Your objective >>
Your output must be the lines below from the line containing "Renault Kaptur 2.0 AT, 2017, 80 273 км" to the line containing "Pl&#252;sch Schlafm&#252;tzen Elefant", both lines included, reproduced exactly and without pictures.

Information shown >>

::::::::

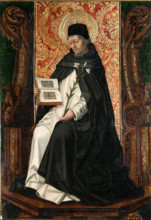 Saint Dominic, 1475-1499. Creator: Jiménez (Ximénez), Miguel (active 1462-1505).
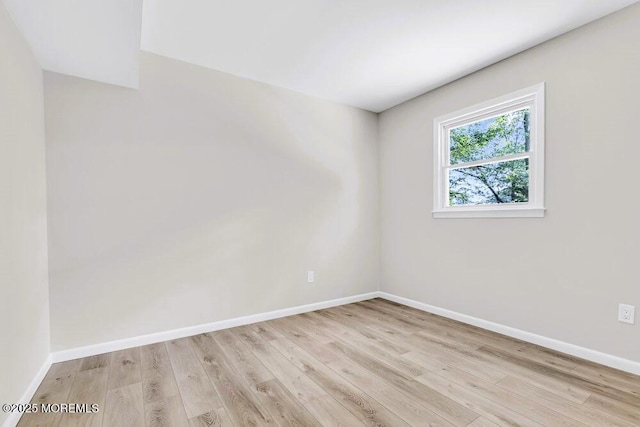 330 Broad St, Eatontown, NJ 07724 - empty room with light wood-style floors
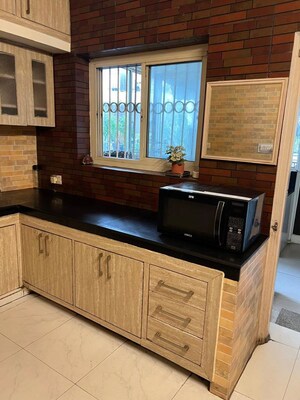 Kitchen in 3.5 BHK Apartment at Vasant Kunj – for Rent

::::::::

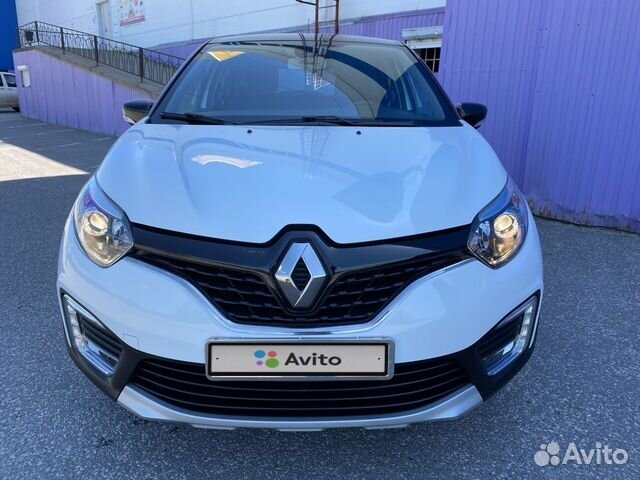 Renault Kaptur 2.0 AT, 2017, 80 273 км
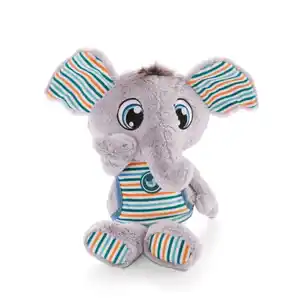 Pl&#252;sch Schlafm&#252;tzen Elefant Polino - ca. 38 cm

::::::::

Response to this task >>
 Renault Kaptur 2.0 AT, 2017, 80 273 км
 Pl&#252;sch Schlafm&#252;tzen Elefant Polino - ca. 38 cm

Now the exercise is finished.